Now your point about tolerance. Who am I or anybody else to tell people who they can be and who they cannot be? If a Democrat says that they are pro-life, then that’s their right to say it. What I would have a problem with and what I think a lot of Democrats, not all, should have a problem with is whether or not that person is going to legislate their beliefs. That is a valid concern, but who I am to tell somebody they don’t have a right to call themselves a Democrat?
One more other point that I want to make, people lean different ways at different times. I do want to make it clear to your viewers that for some people, because you brought up climate change, for some people, if a Democrat or any other candidate does not believe in climate change, that’s a non-starter for them. They won’t even entertain that candidate. For other people, it is abortion rights or it is choice that if that candidate in some way has a blemish in their record on that, that’s a non-starter. For other voters or groups, it may be a criminal justice reform or income and wealth inequality. It just depends. For some people, certain issues are higher on their list than others, but I do believe that the Democratic party should continue to be a pro-choice party, and that choice however extends beyond abortion. People should have the choice to be really who they are. They should not be in the business of legislating things that hurt other people’s lives, and that’s really what this is about, but we just got to come to some understanding, and we can’t be hypocrites.

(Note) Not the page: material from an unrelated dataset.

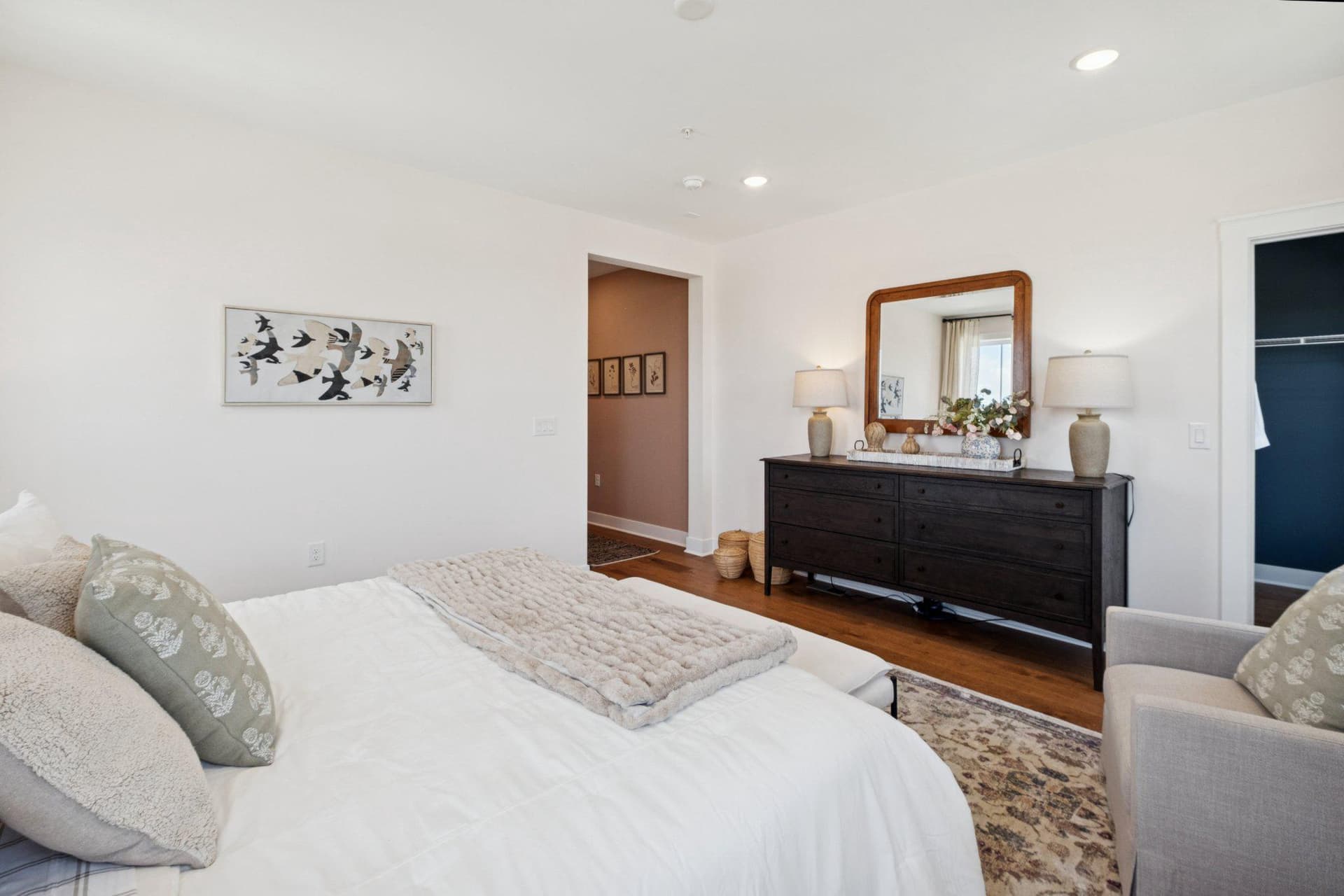 14972 Deco Circle photo 13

In this case, I believe that NARAL, they were being hypocrites and certainly sounding the alarm on something they know good and well they were exaggerating when they didn’t do the same for a candidate that they were endorsing. That’s my thing there.

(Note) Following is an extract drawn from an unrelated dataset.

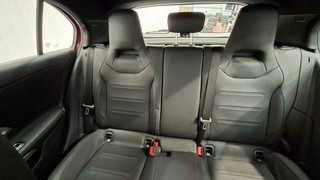 Mercedes Clase A A 180 d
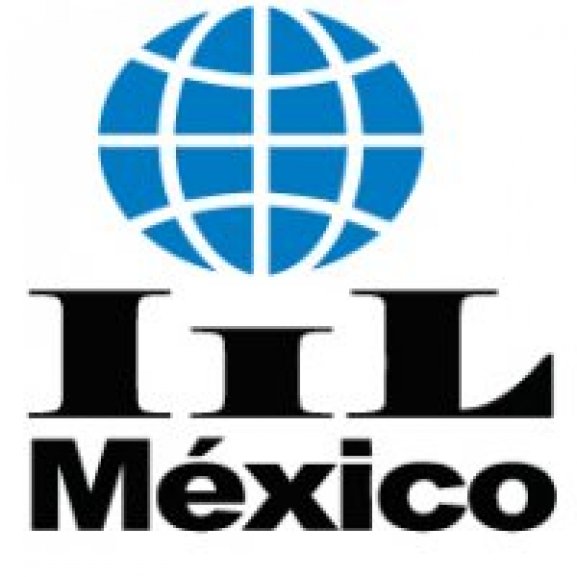 IIL México Logo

Then lastly on this point about that, the African American community, which some folks do not understand on the left that the African American community by and large is more conservative than what some of my liberal sisters and brothers understand about the African American community. That doesn’t mean that African American women don’t have the same needs. In many cases, they do, and even more so, especially poor women, but to sit up here and to think that some people who are in this party or claim or call themselves, not claim to be, call themselves Democrat, might not have a different view on certain of these issues are being ridiculous. That’s my point.
Kim Brown: Wait, wait, hold on. Senator Turner, I want to go with this because now you done opened up another can of worms because, all right, if state Senator Nina Turner was appointed head of the DNC, I want to know, what are some of the issues that are non-starters or that are the firm truth behind what it means to be a Democratic candidate and what it means to get money from the DNC? Are there issues that there is no wiggle room on? We understand that the abortion issue, at least formerly for Republicans, there used to be pro-choice Republicans. We don’t really see that anymore, but they did turn that into a litmus test as for who could be in this party in terms of the GOP. Do we have the same on the left? Is there certain issues that, “No, you’re either with us or you’re against us on these stack of issues.”
Nina Turner: Yeah. For me, again, it goes to the individual, but I’m not going to vilify folks just because they don’t necessarily agree with me. I’m going to go hard [inaudible 00:10:27] my issues. For me, my issues are income and wealth inequality, which some of these pro-choice women don’t understand that making sure, and people in general, that making sure that we have strong elected officials who are standing, not only standing up, but pushing policies that help to empower people in the economics space, in the income space, especially because African Americans and Hispanics and other people of color are disproportionately disadvantaged in that space.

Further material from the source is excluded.